Instructions to follow
Give the lines below again, exactly as they stand, and leave out the images.

Data excerpt
--- START ---

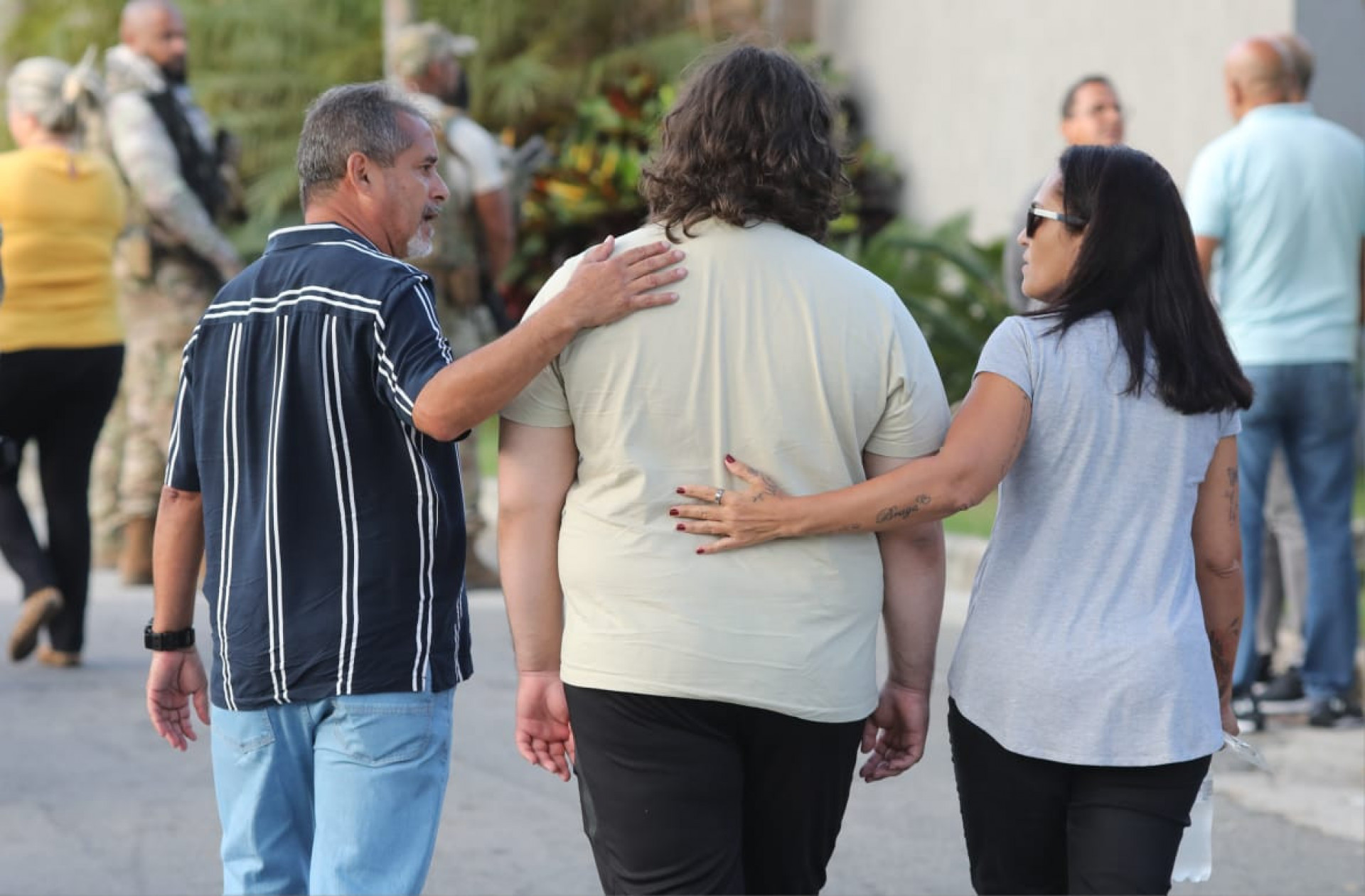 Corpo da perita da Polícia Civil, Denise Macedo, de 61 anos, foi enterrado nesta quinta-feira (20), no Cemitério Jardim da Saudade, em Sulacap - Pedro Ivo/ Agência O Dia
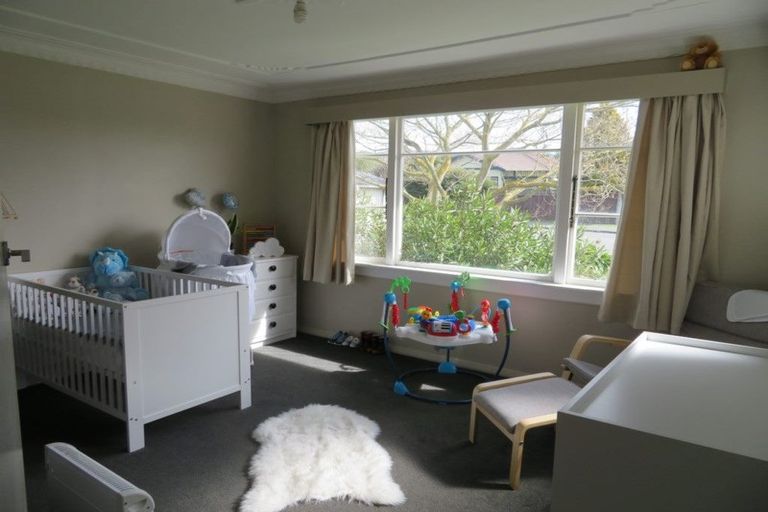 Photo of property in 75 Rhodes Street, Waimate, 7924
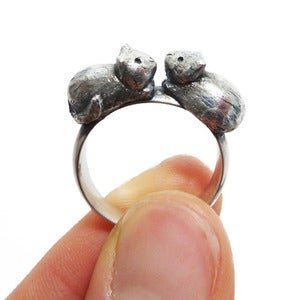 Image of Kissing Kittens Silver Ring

--- END ---

Your response
 Corpo da perita da Polícia Civil, Denise Macedo, de 61 anos, foi enterrado nesta quinta-feira (20), no Cemitério Jardim da Saudade, em Sulacap - Pedro Ivo/ Agência O Dia
 Photo of property in 75 Rhodes Street, Waimate, 7924
 Image of Kissing Kittens Silver Ring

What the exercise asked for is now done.